The gradient is used to update trainable parameters of your model.

self refers to the module itself, which .backward() is called on.
In your example you are passing the gradient directly to out’s backward. If you are not passing the gradient explicitly to backward a gradient of dL/dL = 1. will be used by default.
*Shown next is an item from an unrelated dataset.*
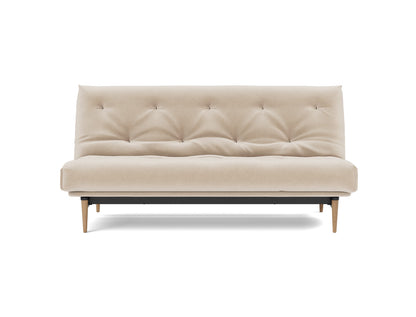 COLPUS LIGHT Sofa Bed Nordic Mattress 140x200CM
Practically you can define the root initial gradient this way, which would be 1 otherwise, since out is the “root” node as it is called. But thinking of this more, could we control this with the lambda?

After some checking …
Gradients are there to suppress RuntimeError: grad can be implicitly created only for scalar outputs which happens in case we don’t use the reducer function for the output such as torch.sum.

Now this brings me to the second row, I was not able to create example so that the line works:

diff_out = object(act_value, guide_features)

What I did so far:

act_value = torch.tensor([1.0, 2.0, 3.0])
guide_features = torch.tensor([3.0, 4.0, 5.0])

diff_out = object(act_value, guide_features) #TypeError: object() takes no arguments

print(act_value)
print(guide_features)
print(diff_out)

Re layer2 got that. This is present in torchvision. I didn’t expect torchvision was 5 years old. Some Resnet hub models I used just have layers.

Can someone provide some clue on this second line:

diff_out = object(act_value, guide_features)

Was this diff_out gradient creation possible just in Python 2? Any clue how this would work not getting the TypeError as above.

I see it now. object is the objective function taken from the program arguments.